A variant of the anti-reach task is to train people to make reaches while looking through prisms that
reverse everything you see left-to-right. You will even see your hand reversed, but of course the real
objects are still in the same place so you have to learn to reach opposite to what you see. We have
found that this occurs fairly automatically within about 10 trials if the task is kept simple. It is also
action-specific (for example, training on reach direction does not affect grasp orientation, and vice
versa). When we did this in conjunction with fMRI, we found that most parietal areas (except AG)
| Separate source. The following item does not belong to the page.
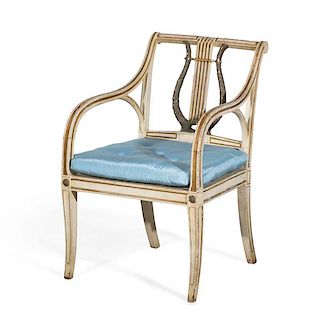 A Regency white painted and parcel gilt armchair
continued to code visual direction rather than movement direction. This seems to contradict the antipointing results, but these could be reconciled if we say that parietal cortex is coding the goal of the
movement in visual space (which is the direction you see with reversing prisms, but is imagined to be
opposite in the ant-reach experiments). However, a more complicated results occurred when people
recorded from individual ‘parietal reach’ neurons in monkeys trained on both the prism and anti-reach
task. Here, some neurons coded visual goal direction, whereas others coded movement direction. This
discrepancy could be because of different species (I think unlikely), or more likely either from
differences in what fMRI vs. neurophysiology measures, or from extensive training in monkeys.
Finally, another way to dissociate vision from movement is by looking at trials with errors (e.g., saccades
that miss the visual stimulus). This has been done in situations where saccades made errors as a
function of initial eye position. It has also been done by looking to see if neural activity reflects variable
errors in saccades (motor coding), or not (target coding). We have recently exploited this in headunrestrained gaze shifts in a memory delay paradigm while recording from both the superior colliculus
and frontal eye fields. In both places, we found that visual responses remained tightly linked to stimulus
location whereas motor responses showed variations related to errors in future gaze position. (It
appears that the source of these errors accumulates in neurons during the memory delay, and in the
final step from memory to the motor response). Moreover, visuomotor cells showed both of these
responses, showing again that the same cell can code different things at different times.
The overall conclusion of these studies is that the visuomotor transformation is a network phenomenon
that can be observed at both the global and very local levels in the brian. Much of occipital-parietalfrontal cortex is active in such transformations, and there is a general transition from vision-tomovement coding along this axis. However, when one looks within these areas, one sees that different
cells contribute differently to this process, and that it can even be observed within cells.
In the upcoming sessions, we will look more closely at the specific computations that these
transformations must perform in order to create action from vision.